The truck needed to turn left across the median. It was clear that the rig was twice as long as the intersection was wide. The truck slowly crept out straight across the intersection and when it got almost to the far curb, it turned its front wheels completely left. They turned much farther than any wheels I ever saw....virtually 90 degrees. He nudged forward a bit, which moved the front of the truck directly left, and started to jackknife the rig. Once jackknifed to 90 degrees, he stopped...... and two men got out of the lead/follow trucks. They walked up to the front/rear trailers and took a "remote" on a long cable out of a box on each trailer. The cab then started inching forward. The front guy used his remote to turn the rear two sets of wheels on the front trailer so the generator continued to travel forward while the tractor turned left. The back guy maneuvered the rear trailer by its front sets of wheels to move sideways toward the right. They "walked" the whole assembly like a crazy caterpillar around the intersection until it was sitting straight on the other side of the highway. Once all was aligned straight again, they put away the remotes, got back in the trucks, and the whole thing started moving down the highway headed for the interstate at maybe 5mph. Whole operation took maybe 5 minutes.
 
Yeah, maybe not THAT big, but I see similar rigs rather often nowadays. I believe the average is 250 tons. What I commonly see is a double set of 18 wheels front and 18 wheels back, for a total of 72 supporting the middle of the "H" where the load is.

Wait until you see your first turbine blade move through. 120' blade with 8 wheels in front and 8 wheels in back, and some stupid motorcyclist driving underneath it.

Usually it's the top portion of a wind turbine, and they are usually moved at night so you see them parked somewhere during the day. I guess you don't get wind turbines moving through much in Virginia, or anywhere south of the Mason Dixon apparently. The southeast accounts for less than 2% of the total wind turbine generation?!?
 
...... I guess you don't get wind turbines moving through much in Virginia, or anywhere south of the Mason Dixon apparently. The southeast accounts for less than 2% of the total wind turbine generation?!? "

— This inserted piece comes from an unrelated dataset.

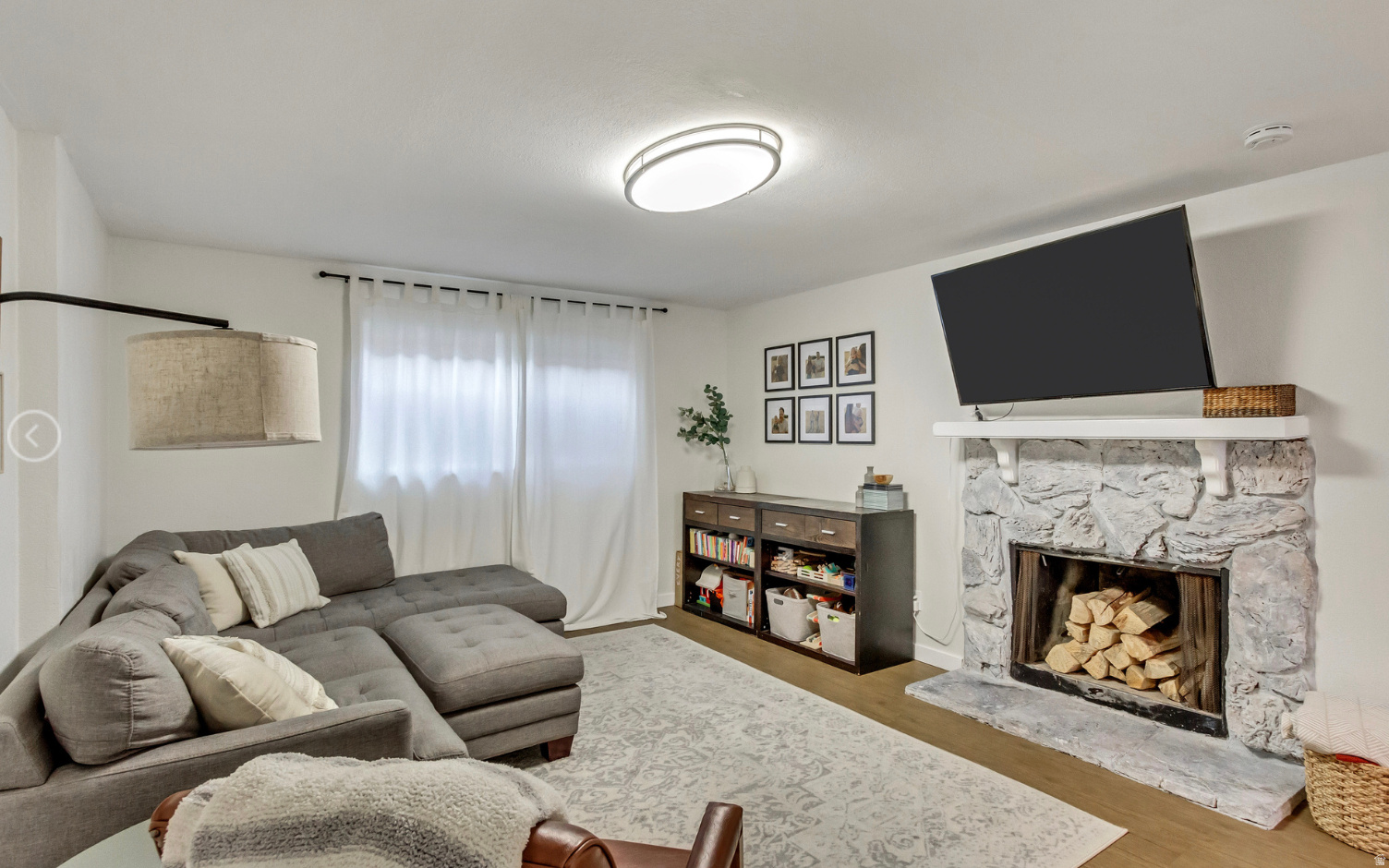 CRESCENT HILLS - Residential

We have great off shore breezes that are well suited for wind power, but there are really stupid people here. The clean energy people want to put wind farms 7 to 10 miles of the coast. The politicians complained that it would ruin the beautiful view of the coast. ( obviously they would be too far away to be seen, as well as below the horizon.) Then there are the folks who said the Navy might not be able to maneuver around them????? They can steer their ships all over the world, through the mouth of the Chesapeake bay, and through the tunnel channel....but would smash into a 100' tall tower with a radar transmitter on it. The funniest people are the ones that say the towers might prevent the fish and whales from migrating up the coast.
 
The biggest rig I saw in person was just up the road from where I used to live. there is a plant that make steel girders and I beams and one day they had to block the road to drive an I beam out. Just one I beam, it wasnt on a trailor or anything, it was literally attached to three sets of wheels. It looked like three sets of three, so 36 plus the rig. It was pretty cool.

I like the people that say wind farms generate too much noise. there is a huge wind farm on the border of NS/NB where the wind cuts through from the Bay of Fundy across to the Northumberland Straight and gets a lot of wind. there have been a couple complaints about it ruining the view but its in a protected marshland anyway.